Batia na porta e ouvi um entre.
- Dra White?
- Sim.
- Gostaria de conversar sobre Emma.
- Pois não.
- O quarto dela...
- O que tem o quarto?
- Ele está horrível doutora. Ele cheira a falta de limpeza.
- E gostaria que ele cheirasse como se ela faz questão de molhar a cama todo o santo dia!
- Como assim?
- Isso mesmo que você ouviu. Ela amanhece com a cama molhada todo dia. A Dra disse com nojo na voz.
- Como pode tratá-la assim sendo uma médica?
- Exatamente por ser uma médica que a trato assim. Se fizer todas as vontades dela, ela não irá melhorar. Ela precisa entender as coisas.
- Chega!

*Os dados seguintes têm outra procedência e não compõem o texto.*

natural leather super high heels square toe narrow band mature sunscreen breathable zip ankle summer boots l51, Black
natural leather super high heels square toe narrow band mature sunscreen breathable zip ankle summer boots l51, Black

Eu não conseguia assimilar o que ela dizia com a fala de uma médica que deveria proteger a integridade do paciente, acima de qualquer coisa.

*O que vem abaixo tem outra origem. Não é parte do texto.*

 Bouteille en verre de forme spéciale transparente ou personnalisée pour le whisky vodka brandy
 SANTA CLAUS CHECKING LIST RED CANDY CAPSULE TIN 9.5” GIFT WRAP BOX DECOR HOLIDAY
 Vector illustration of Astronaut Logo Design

- Vocês não entendem. Não convivem com pessoas assim o dia todo.
- Eu quero levá-la. Isso é possível?
- Você quer se responsabilizar por ela?
- Sim, eu e minha mãe podemos fazer isso. Temos tempo e condições de cuidar de tudo que ela necessita.
- Bem, ela só está aqui porque não tem ninguém.
- Nós podemos levá-la conosco?
- Prepararei os papéis referentes à transferência da tutela provisória dela. Espero que estejam cientes que ela dá trabalho. E que se o irmão dela se recuperar a guarda pertence a ele.
- Não há problema quanto nenhuma dessas coisas.
- Ok, esperem e já podem levá-la.
Assim que a Dra White saiu da sala, sinto Granny me abraçando e ouço mamãe falando.
- Tem certeza disso querida? É uma responsabilidade muito grande.
- Eu sei mamãe. Mas não iria ficar tranquila em deixar a menina aqui, vivendo desse jeito. Meu coração não iria ter paz.
- Eu tenho que ser sincera com você meu amor. Eu nunca fiquei tranquila com ela aqui.
- Fico tão feliz menina Regina!
Após meia hora e com papéis devidamente assinados, volto ao quarto de Emma e ela ainda está dormindo.
- Quando ela veio para nós, estava somente com a roupa do corpo e depois só usou os uniformes.
- Fique tranquila, só pegarei a menina e já iremos embora.
- Emma. Vamos acordar? Chamei a menina baixinho para não assustá-la.
- Não quer passear comigo e com a vovó?
- De caio? Ela perguntou com a voz mole de sono.
- Sim, você quer ir?
- Té.
- Então vamos!
Ela estava lutando para abrir os olhos, mas estava com muito sono pelo jeito.
- Vamos Emma, acorde logo. A Dra White disse de forma brusca.
Ao ouvir a voz da Dra White a menina abriu os olhos rapidamente.
- Não precisava falar assim com ela.
- Que seja. Mas ela acordou não foi?
- Desnecessário!
Peguei a mãozinha da menina e sai do quarto seguindo até a recepção onde mamãe e Granny esperavam por nós.
- Vamos embora querida? Mamãe perguntou a menina.
- Emma vai passeiá de caio!
Ela falava e batia as mãozinhas.
- Então vamos embora.
- Vaaaaamo.
- Até mais Emma. A Dra White disse com a voz carregada de sarcasmo.
- Diga Adeus Emma.
- Adeus Emma!
E deu tchau com as mãos para a Dra White.